Background

Diabetes mellitus is a metabolic syndrome characterised by chronic hyperglycaemia due to deficient insulin production by the pancreas, inefficient insulin action or both. It is a global health challenge affecting about 422 million adults worldwide and is estimated to double by 2025 with greater threats to developing countries [1]. It is associated with some complications across the body systems, e.g. retinopathy, neuropathy, nephropathy, cardiovascular, reproductive dysfunction, etc. [2].

Erectile dysfunction (ED) is the continual incapacity to achieve and/or maintain a sufficient erection necessary to complete a satisfactory sexual activity [3]. Its global prevalence was projected at 322 million by 2025, which is almost double that reported in 1995 [4]. Diabetes mellitus has been identified as a risk factor for erectile dysfunction [1]. Erectile dysfunction has been reported to be more prevalent among diabetic patients than in the general population [5].
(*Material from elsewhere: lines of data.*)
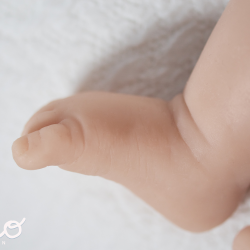 Alma Dreams sin pintar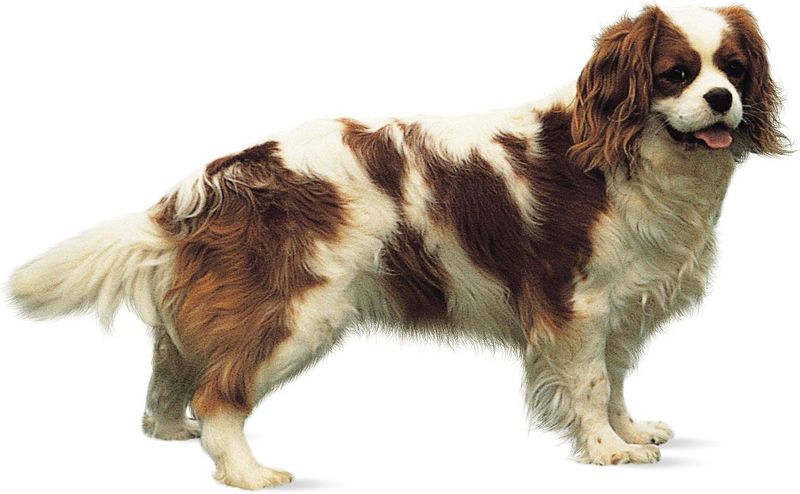 English Toy Spaniel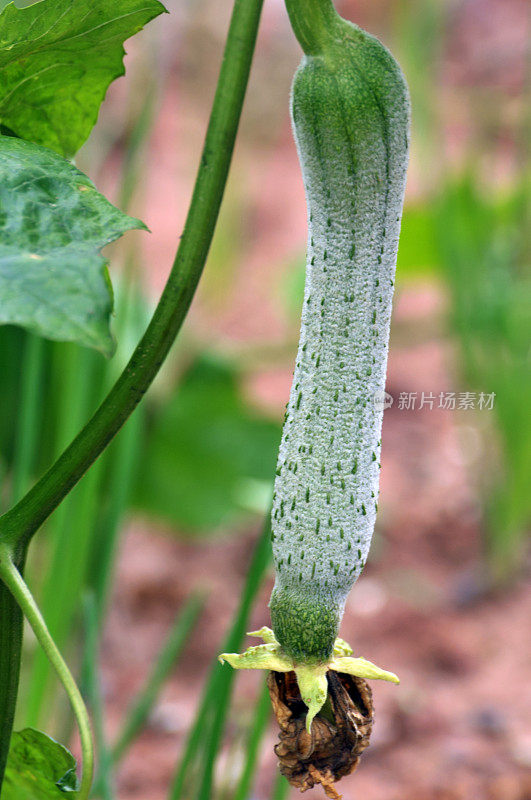 丝瓜葫芦植物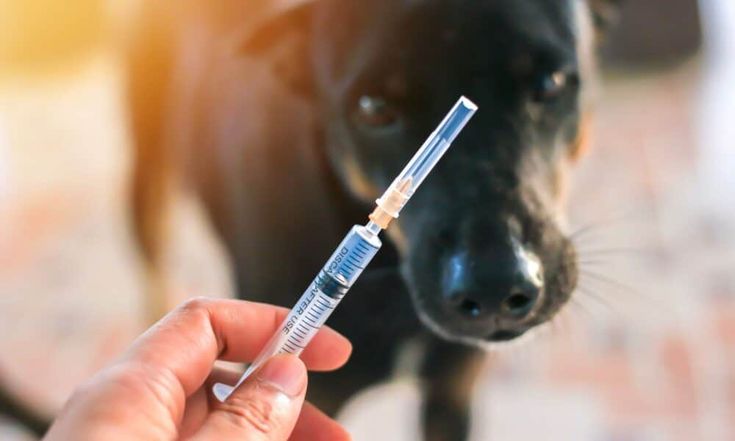 what to know about rabies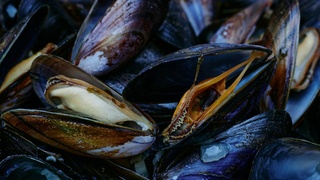 Моллюски / Фото: unsplash.com / Avatar of user Gil Ndjouwou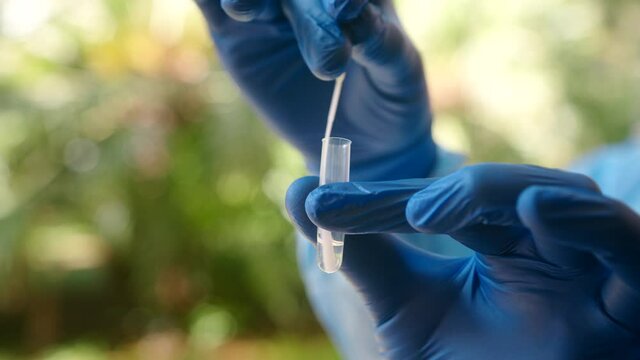 Close up shot of hands, in blue protective gloves, mixing swab and buffer solution in the test tube.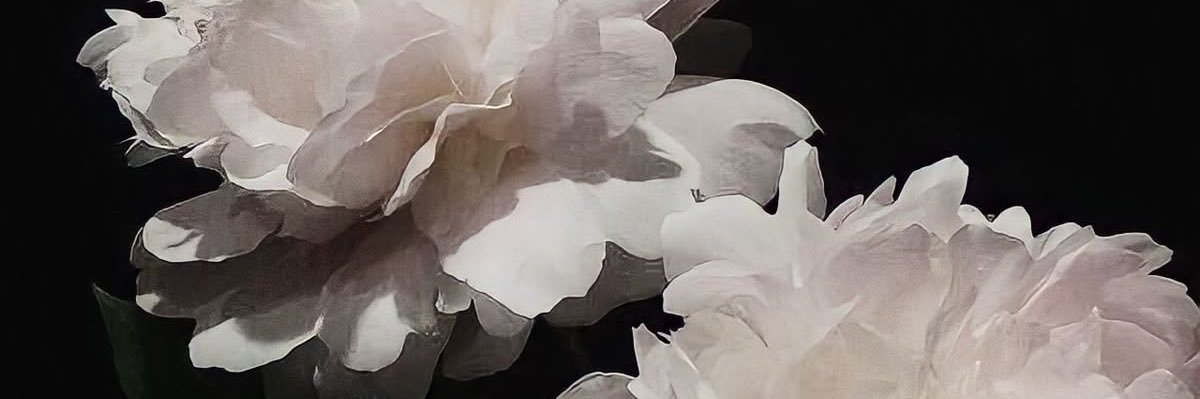 isadora ૮ ․ ․ ྀིა banner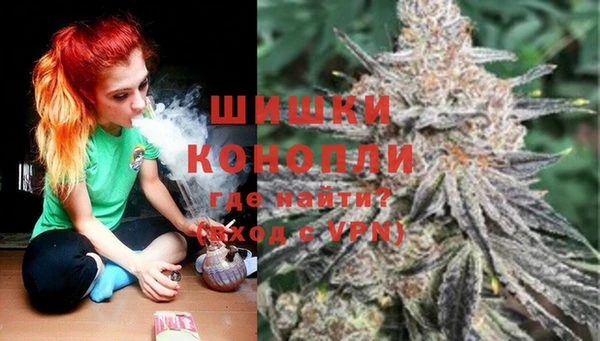 ГАЛЛЮЦИНОГЕННЫЕ ГРИБЫ Белокуриха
Erection is triggered by tactile or psychic sexual stimulation, which causes impulses to be sent through the parasympathetic nervous system, and the nitrergic nerves (non-adrenergic non-cholinergic nerve fibres). The parasympathetic nerve fibres release acetylcholine which acts on the endothelium of the corpus cavernosum and penile vessels to release nitric oxide (NO). The nitrergic nerves directly release NO [6]. The NO causes an increase in the production of cyclic guanosine monophosphate (cGMP) which stimulates a cascade of other processes that eventually lead to the relaxation of the smooth muscles of the corpus cavernosum, increased dilation of the penile arteries and increased blood flow. The increased blood flow coupled with venous occlusion cause filling of the cavernosal sinuses thus leading to an erection. Erection is terminated by the reduction in the parasympathetic impulses and release of norepinephrine by the sympathetic nerves, thus causing contraction of the corpus cavernosum and consequently detumescence [7].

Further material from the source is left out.